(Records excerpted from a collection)
────────────────────

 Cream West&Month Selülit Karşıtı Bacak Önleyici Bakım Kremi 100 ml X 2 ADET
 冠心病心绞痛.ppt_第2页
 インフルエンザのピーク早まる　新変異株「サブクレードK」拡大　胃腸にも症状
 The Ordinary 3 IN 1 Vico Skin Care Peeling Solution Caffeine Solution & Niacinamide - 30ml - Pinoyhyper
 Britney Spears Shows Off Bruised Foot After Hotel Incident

────────────────────

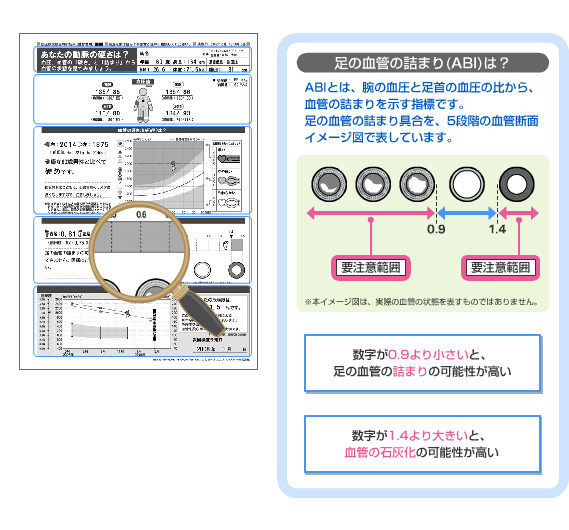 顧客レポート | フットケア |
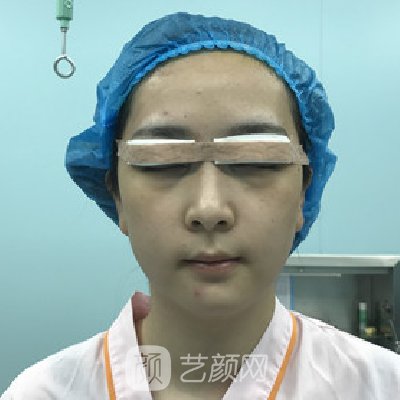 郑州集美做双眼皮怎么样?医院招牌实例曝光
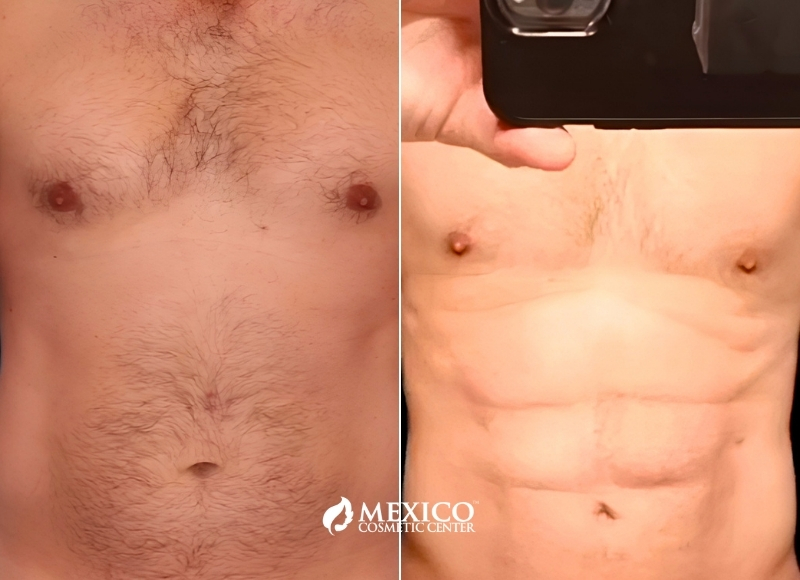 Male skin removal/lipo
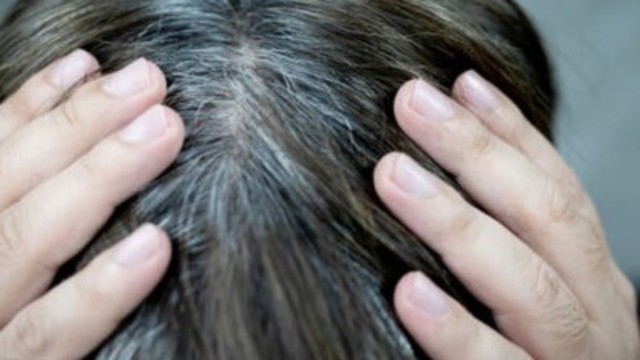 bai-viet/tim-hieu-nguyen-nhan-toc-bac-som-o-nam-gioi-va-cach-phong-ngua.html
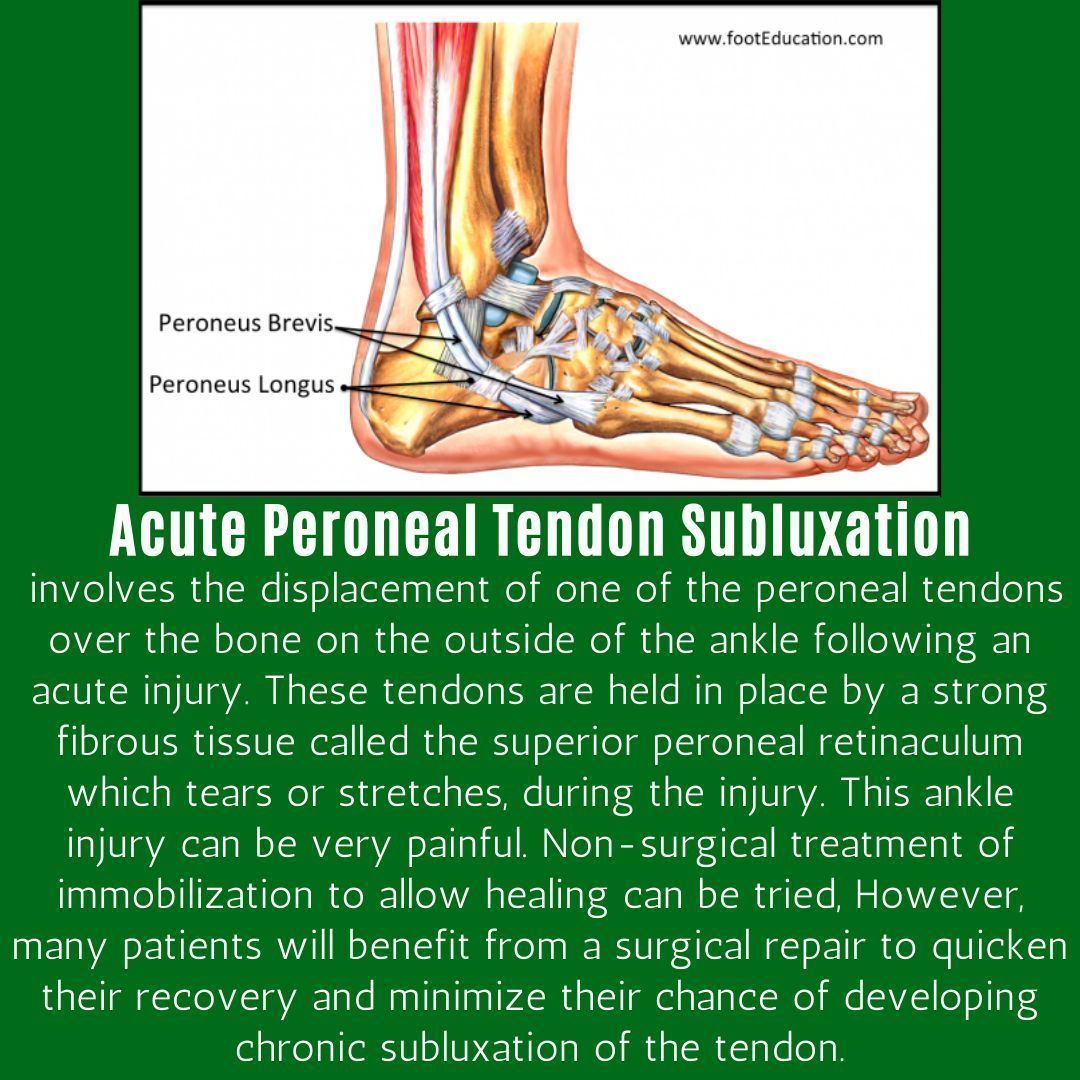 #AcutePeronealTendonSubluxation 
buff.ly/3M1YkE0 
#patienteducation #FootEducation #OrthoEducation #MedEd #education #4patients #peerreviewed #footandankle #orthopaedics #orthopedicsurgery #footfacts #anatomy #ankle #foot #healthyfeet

────────────────────

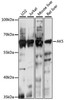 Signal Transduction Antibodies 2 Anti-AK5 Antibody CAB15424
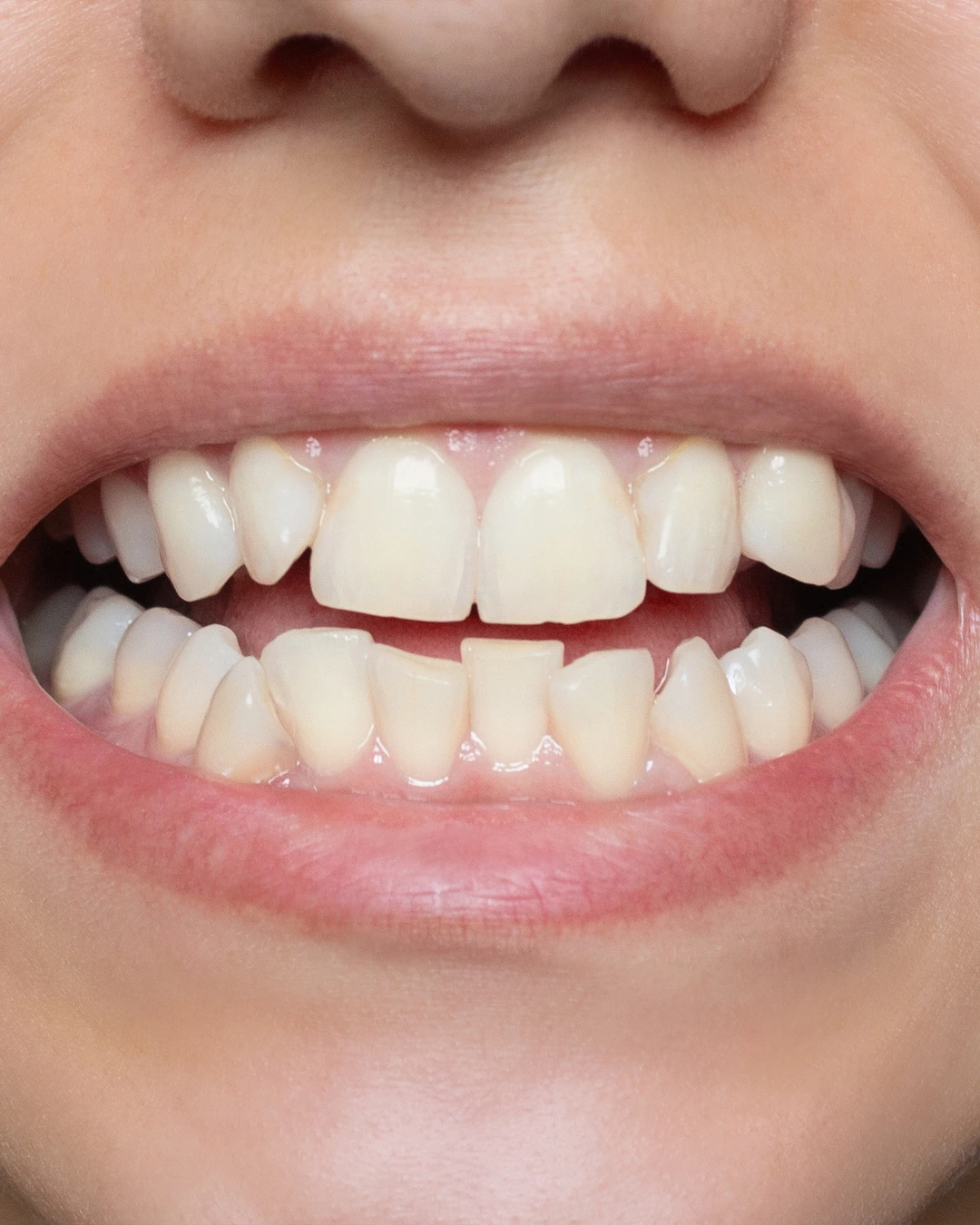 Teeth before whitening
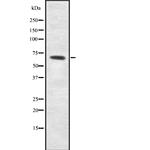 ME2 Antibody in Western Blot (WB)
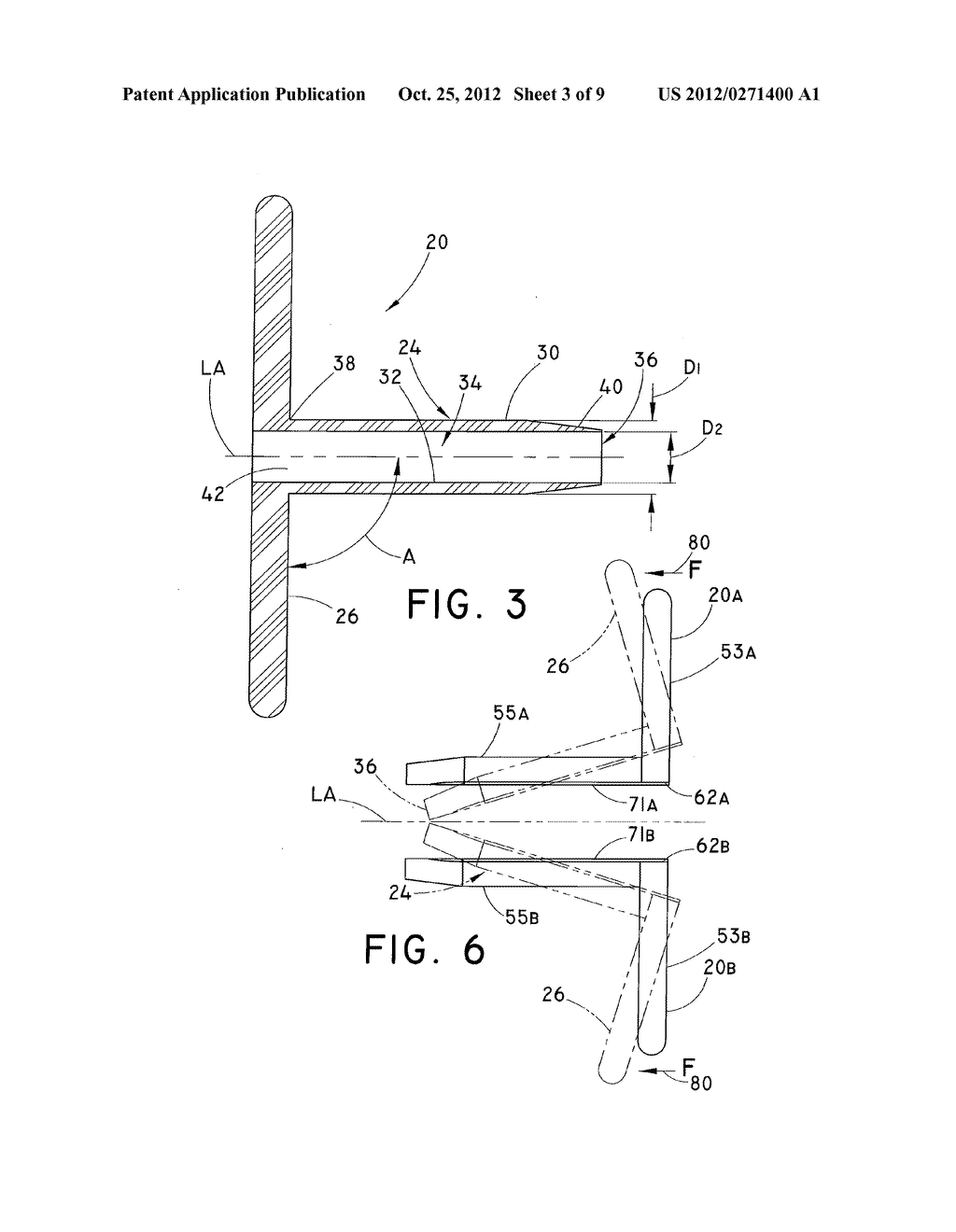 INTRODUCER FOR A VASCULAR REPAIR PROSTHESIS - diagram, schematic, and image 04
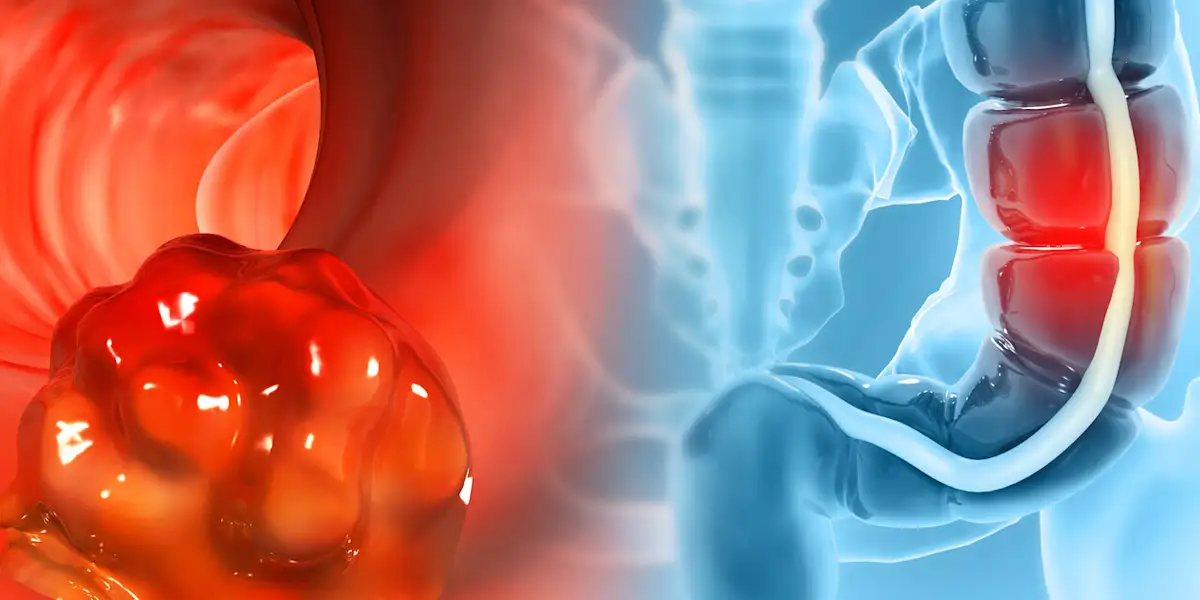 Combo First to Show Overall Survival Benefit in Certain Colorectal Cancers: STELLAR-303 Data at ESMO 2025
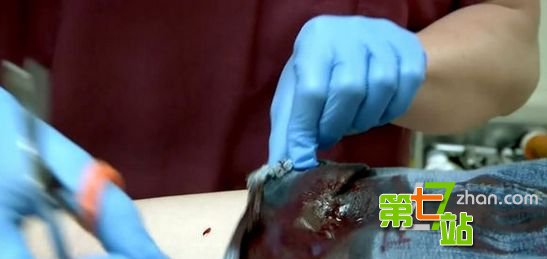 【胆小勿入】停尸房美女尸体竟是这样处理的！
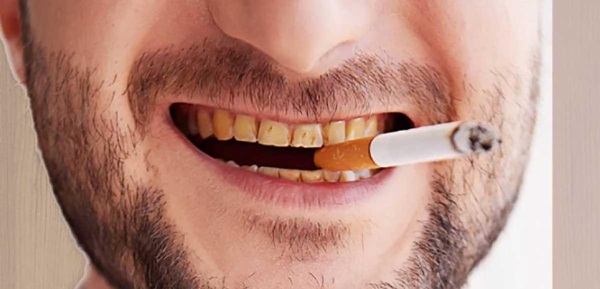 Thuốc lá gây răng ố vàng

────────────────────

◆ What you should do ◆
Your task is to copy only the lines above starting at the one containing "Combo First to" and ending at the one containing "Thuốc lá gây răng ố vàng". Copy them exactly, both ends included, and omit the pictures.

◆ Solved problem ◆
 Combo First to Show Overall Survival Benefit in Certain Colorectal Cancers: STELLAR-303 Data at ESMO 2025
 【胆小勿入】停尸房美女尸体竟是这样处理的！
 Thuốc lá gây răng ố vàng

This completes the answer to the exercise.